■ **YOUR ASSIGNMENT**: In the records below, begin at the line containing "sensation in specific" and end at the line containing "Projective Representations of"; quote every line in that span exactly, including both boundary lines, and no others.

■ **THE INPUT**:
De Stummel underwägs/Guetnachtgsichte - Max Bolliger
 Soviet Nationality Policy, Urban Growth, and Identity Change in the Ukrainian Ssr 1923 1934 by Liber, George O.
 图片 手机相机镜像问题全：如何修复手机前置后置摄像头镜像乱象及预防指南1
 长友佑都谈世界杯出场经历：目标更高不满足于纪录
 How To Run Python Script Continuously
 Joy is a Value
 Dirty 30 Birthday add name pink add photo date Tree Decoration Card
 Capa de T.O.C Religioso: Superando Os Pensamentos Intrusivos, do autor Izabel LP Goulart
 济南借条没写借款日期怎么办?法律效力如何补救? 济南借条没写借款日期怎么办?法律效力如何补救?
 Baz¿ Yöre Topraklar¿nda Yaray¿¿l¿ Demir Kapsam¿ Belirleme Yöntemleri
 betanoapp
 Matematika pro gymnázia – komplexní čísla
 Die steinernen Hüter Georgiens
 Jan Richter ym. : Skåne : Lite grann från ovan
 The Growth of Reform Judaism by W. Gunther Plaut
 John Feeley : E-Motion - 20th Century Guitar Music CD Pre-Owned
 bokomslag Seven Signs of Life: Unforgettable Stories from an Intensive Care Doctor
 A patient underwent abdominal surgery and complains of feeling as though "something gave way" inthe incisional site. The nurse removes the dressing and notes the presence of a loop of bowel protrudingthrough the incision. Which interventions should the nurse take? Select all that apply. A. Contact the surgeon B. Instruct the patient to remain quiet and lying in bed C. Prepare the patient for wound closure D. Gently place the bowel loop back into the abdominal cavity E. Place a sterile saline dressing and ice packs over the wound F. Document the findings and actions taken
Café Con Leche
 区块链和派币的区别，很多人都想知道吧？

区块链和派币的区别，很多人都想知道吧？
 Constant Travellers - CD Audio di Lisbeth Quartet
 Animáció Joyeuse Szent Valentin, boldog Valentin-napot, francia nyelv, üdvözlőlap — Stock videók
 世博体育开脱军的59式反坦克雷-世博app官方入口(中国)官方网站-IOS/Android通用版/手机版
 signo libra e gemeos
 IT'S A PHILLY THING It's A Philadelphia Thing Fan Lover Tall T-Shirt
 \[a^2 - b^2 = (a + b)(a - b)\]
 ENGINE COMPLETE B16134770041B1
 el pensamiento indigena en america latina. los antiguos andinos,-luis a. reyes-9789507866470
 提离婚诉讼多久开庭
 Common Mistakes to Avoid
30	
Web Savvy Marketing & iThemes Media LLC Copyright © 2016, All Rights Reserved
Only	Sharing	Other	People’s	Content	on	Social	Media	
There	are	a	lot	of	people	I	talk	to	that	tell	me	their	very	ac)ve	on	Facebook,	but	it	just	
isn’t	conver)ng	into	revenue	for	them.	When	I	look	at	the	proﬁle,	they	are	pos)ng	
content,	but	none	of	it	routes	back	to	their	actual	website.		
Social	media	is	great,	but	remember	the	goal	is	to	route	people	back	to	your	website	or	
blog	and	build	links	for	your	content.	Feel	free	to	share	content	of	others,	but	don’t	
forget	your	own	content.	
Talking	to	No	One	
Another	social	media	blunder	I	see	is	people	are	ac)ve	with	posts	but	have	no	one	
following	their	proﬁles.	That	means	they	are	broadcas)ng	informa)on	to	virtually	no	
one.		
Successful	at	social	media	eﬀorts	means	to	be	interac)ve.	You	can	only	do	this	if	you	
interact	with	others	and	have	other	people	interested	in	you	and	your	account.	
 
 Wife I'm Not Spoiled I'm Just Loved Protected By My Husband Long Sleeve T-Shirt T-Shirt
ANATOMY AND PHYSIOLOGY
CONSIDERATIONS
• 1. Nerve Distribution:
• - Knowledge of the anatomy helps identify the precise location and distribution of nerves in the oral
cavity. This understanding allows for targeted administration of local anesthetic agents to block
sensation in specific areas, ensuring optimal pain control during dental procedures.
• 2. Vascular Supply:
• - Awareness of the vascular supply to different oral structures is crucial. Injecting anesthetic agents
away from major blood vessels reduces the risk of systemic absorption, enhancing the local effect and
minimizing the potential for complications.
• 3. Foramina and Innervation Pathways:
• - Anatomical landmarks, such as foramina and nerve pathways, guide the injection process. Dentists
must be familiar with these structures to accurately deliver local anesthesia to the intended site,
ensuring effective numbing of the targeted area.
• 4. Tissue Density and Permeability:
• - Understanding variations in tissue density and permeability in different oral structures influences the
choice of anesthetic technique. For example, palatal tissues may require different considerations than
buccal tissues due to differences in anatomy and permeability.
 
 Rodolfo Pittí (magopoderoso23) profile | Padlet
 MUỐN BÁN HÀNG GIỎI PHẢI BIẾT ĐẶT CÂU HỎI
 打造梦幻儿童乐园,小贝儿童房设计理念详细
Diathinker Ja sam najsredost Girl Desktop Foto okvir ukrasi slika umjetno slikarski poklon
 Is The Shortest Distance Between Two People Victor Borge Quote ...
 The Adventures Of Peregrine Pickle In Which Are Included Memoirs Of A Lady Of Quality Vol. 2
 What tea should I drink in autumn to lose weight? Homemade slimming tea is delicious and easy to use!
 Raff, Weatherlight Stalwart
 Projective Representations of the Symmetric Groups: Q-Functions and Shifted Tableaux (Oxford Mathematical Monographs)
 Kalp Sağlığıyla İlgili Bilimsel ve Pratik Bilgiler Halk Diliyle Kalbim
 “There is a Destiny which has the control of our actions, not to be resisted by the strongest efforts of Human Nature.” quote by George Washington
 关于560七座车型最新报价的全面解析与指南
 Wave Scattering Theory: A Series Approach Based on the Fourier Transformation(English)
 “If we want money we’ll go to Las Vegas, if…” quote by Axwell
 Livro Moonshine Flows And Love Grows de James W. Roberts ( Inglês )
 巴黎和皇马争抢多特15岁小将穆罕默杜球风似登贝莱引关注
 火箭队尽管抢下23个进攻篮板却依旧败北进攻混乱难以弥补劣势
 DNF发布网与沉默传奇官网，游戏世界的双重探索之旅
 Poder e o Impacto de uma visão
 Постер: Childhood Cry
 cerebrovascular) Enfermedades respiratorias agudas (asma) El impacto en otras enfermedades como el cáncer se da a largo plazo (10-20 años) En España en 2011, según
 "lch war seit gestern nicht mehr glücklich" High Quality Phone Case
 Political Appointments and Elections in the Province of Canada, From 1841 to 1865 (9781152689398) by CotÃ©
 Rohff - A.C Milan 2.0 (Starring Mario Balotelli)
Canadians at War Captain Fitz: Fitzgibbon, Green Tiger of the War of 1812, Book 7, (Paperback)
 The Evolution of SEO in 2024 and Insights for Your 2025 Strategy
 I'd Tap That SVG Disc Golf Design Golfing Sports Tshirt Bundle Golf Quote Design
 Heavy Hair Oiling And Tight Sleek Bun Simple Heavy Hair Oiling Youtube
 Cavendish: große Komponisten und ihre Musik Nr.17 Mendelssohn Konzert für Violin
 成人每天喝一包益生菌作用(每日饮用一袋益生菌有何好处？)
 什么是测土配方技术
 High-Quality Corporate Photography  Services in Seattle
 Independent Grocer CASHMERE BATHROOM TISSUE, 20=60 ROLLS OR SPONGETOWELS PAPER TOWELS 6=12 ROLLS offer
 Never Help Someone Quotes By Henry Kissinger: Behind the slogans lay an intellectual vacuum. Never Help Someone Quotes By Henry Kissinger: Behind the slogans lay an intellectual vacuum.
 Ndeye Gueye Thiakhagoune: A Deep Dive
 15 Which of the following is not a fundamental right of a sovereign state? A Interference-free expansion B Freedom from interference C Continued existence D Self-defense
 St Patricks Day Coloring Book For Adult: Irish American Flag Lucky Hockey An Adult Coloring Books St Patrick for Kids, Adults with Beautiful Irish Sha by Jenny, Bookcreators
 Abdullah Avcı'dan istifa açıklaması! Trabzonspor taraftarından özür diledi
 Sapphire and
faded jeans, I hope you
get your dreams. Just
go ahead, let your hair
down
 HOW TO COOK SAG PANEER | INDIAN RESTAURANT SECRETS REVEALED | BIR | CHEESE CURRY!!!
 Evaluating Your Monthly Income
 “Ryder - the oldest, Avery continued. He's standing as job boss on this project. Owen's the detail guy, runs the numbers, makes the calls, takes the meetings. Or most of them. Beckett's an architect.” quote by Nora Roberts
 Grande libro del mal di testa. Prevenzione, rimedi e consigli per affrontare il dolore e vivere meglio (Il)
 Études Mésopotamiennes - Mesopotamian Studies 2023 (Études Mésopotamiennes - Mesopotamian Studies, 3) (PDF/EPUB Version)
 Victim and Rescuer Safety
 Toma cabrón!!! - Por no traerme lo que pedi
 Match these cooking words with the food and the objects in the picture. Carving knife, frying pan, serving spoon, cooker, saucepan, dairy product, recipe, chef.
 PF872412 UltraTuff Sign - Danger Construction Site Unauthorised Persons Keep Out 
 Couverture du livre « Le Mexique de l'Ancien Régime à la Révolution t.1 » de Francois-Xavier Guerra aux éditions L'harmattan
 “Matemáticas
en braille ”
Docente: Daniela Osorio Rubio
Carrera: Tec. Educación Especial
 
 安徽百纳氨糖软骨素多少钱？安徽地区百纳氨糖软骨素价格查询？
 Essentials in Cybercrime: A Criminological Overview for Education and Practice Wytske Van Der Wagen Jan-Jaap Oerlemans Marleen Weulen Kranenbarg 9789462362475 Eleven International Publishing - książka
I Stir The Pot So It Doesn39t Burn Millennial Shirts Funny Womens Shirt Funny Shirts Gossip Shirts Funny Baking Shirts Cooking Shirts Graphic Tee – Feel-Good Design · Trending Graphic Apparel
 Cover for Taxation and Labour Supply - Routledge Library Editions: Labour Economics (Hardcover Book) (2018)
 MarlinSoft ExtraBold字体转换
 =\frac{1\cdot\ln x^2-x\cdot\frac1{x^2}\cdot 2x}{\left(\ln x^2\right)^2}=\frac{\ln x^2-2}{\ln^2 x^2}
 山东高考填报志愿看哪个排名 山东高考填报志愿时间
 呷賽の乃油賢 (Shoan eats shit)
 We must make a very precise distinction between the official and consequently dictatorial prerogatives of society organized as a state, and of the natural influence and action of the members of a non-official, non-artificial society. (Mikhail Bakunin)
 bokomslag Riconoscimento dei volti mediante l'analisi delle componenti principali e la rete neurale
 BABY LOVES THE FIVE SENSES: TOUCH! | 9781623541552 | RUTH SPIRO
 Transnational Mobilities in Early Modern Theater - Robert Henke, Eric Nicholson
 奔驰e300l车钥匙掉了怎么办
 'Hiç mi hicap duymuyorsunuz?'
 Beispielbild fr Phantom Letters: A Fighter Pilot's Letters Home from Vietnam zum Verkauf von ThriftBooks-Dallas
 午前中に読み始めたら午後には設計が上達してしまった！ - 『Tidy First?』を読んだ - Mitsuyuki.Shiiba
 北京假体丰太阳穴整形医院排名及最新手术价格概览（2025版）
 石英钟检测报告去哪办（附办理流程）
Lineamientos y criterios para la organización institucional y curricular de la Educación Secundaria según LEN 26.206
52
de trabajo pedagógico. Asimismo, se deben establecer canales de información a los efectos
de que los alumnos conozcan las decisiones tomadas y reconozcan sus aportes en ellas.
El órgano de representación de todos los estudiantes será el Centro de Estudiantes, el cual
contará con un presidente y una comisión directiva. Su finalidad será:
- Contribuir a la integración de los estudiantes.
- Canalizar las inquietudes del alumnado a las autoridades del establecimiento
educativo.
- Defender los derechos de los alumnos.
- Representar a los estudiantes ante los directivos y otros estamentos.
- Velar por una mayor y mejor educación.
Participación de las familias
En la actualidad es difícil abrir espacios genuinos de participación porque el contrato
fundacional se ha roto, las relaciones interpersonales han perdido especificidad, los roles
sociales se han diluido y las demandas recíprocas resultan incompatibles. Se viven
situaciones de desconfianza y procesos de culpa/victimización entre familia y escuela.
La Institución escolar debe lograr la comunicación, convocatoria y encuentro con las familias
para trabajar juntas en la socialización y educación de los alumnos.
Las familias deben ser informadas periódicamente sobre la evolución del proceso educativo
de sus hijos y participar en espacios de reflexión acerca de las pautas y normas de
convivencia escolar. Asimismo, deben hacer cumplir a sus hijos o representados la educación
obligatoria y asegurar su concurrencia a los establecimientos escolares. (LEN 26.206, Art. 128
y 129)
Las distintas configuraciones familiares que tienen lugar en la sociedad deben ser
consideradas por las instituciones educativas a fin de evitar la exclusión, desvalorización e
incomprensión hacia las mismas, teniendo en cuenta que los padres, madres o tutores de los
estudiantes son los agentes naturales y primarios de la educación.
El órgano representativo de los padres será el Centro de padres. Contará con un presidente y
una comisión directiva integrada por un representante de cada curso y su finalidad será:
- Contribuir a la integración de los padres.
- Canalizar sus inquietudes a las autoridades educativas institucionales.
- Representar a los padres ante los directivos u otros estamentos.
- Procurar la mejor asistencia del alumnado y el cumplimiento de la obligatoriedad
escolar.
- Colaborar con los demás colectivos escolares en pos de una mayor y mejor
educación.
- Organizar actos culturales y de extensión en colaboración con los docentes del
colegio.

■ **SOLUTION**:
sensation in specific areas, ensuring optimal pain control during dental procedures.
• 2. Vascular Supply:
• - Awareness of the vascular supply to different oral structures is crucial. Injecting anesthetic agents
away from major blood vessels reduces the risk of systemic absorption, enhancing the local effect and
minimizing the potential for complications.
• 3. Foramina and Innervation Pathways:
• - Anatomical landmarks, such as foramina and nerve pathways, guide the injection process. Dentists
must be familiar with these structures to accurately deliver local anesthesia to the intended site,
ensuring effective numbing of the targeted area.
• 4. Tissue Density and Permeability:
• - Understanding variations in tissue density and permeability in different oral structures influences the
choice of anesthetic technique. For example, palatal tissues may require different considerations than
buccal tissues due to differences in anatomy and permeability.
 
 Rodolfo Pittí (magopoderoso23) profile | Padlet
 MUỐN BÁN HÀNG GIỎI PHẢI BIẾT ĐẶT CÂU HỎI
 打造梦幻儿童乐园,小贝儿童房设计理念详细
Diathinker Ja sam najsredost Girl Desktop Foto okvir ukrasi slika umjetno slikarski poklon
 Is The Shortest Distance Between Two People Victor Borge Quote ...
 The Adventures Of Peregrine Pickle In Which Are Included Memoirs Of A Lady Of Quality Vol. 2
 What tea should I drink in autumn to lose weight? Homemade slimming tea is delicious and easy to use!
 Raff, Weatherlight Stalwart
 Projective Representations of the Symmetric Groups: Q-Functions and Shifted Tableaux (Oxford Mathematical Monographs)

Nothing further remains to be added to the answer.